[[ Data shown, beginning ]]

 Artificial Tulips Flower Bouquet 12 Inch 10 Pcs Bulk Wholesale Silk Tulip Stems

[[ Data shown, end ]]
[[ Data shown, beginning ]]

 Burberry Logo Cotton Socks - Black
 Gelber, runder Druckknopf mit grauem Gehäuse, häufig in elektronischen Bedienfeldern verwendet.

[[ Data shown, end ]]
[[ Data shown, beginning ]]

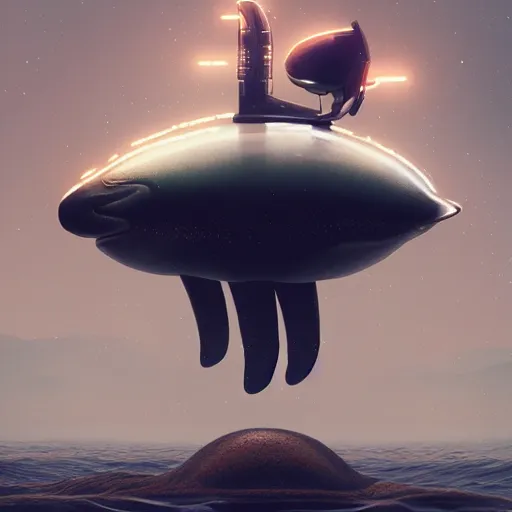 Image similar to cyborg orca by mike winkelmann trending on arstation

[[ Data shown, end ]]

[Your assignment] Within the material above, extract exactly the lines that start at the line containing "Burberry Logo Cotton Socks - Black" and stop after the line containing "Gelber, runder Druckknopf", and only those.

[Response box]
 Burberry Logo Cotton Socks - Black
 Gelber, runder Druckknopf mit grauem Gehäuse, häufig in elektronischen Bedienfeldern verwendet.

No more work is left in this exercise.